Bailed-out bank plans to fire 4,600 people
MILAN - Agence France-Presse
The main entrance of the Monte dei Paschi bank headquarters in Siena is seen in this file photo. The lender has accepted a 1.5 billion euro state bailout. REUTERS photo
Italy’s Banca Monte dei Paschi di Siena, the world’s oldest bank, said yesterday it will cut its workforce by 4,600 people by 2015, as it accepted a state bailout loan.BMPS said it will borrow roughly 1.5 billion euros ($1.87 billion) from the government in order to pay off debt and shore up its capital, and said in its strategic plan for 2012-2015 that it would reduce posts and sell assets. The Tuscan bank said it would carry out the “necessary procedures” to obtain a bailout loan “estimated at around 1.5 billion euros” by the end of the year.
BMPS said its new strategic plan would “entail significant capital strengthening, a strict policy to safeguard asset quality, a structural balance of liquidity and no dependence on the European Central Bank.” The government had offered the struggling bank up to two billion euros in aid in what it described on June 26 as “urgent measures to raise BMPS’s capital funds” as Italy struggles to stave off debt crisis contagion.
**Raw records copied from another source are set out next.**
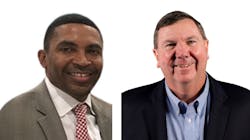 Untitled Design 4 6217eac989c49 Untitled Design 4 6217eac989c49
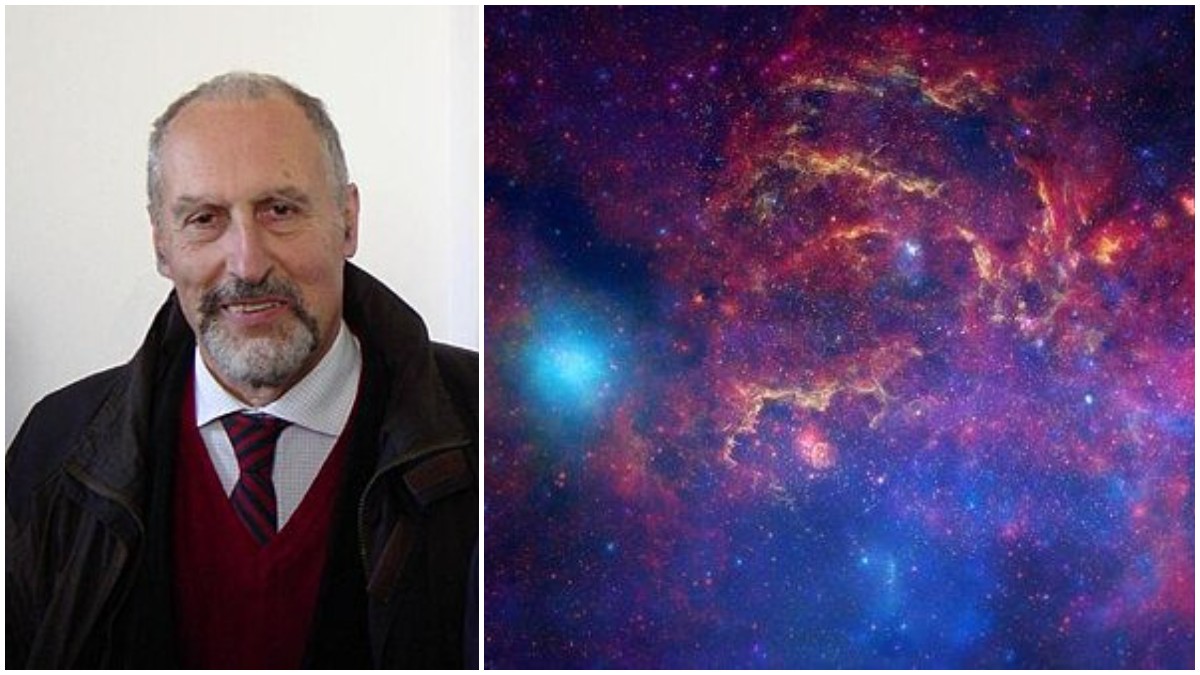 addio a gianpaolo bellini lo scienziato che ascoltava i neutrini i colleghi avrebbe meritato il nobel da Ilfattoquotidiano.it addio a gianpaolo bellini lo scienziato che ascoltava i neutrini i colleghi avrebbe meritato il nobel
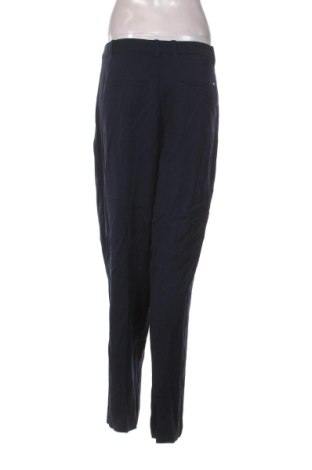 Damenhose Tommy Hilfiger, Größe XL, Farbe Blau, Preis € 159,99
The aid was necessary because the bank had admitted it was “impossible” to find private investors to boost its funds owing to “currently highly volatile market conditions” as the eurozone crisis intensifies, the government said.
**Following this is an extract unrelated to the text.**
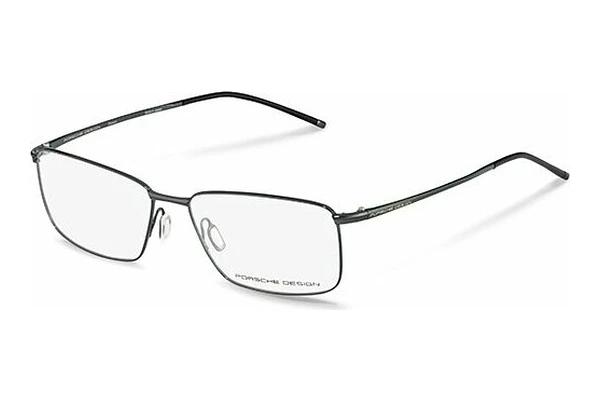Glasses Porsche Design P8364 C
BMPS will issue bonds reserved for the state for a total of 3.4 billion euros to raise the 1.5 billion euros offered in this bailout, and pay off a government loan taken in 2009 as the financial crisis bit.
The bank has pledged to pay back three billion euros by 2015.
“Asset disposals, group rationalisation and back-office outsourcing actions, in conjunction with early retirement for pension-eligible employees, will lead to a significant reduction in headcount,” the bank said. It also said it plans to close 400 branches and launch a new online bank. The bank, which posted a 4.69 billion euro loss in 2011, has forecast a 630 million euros net profit in 2015. It said it will re-evaluate its assets and take an impairment charge at the end of June and release the results along with half-year accounts.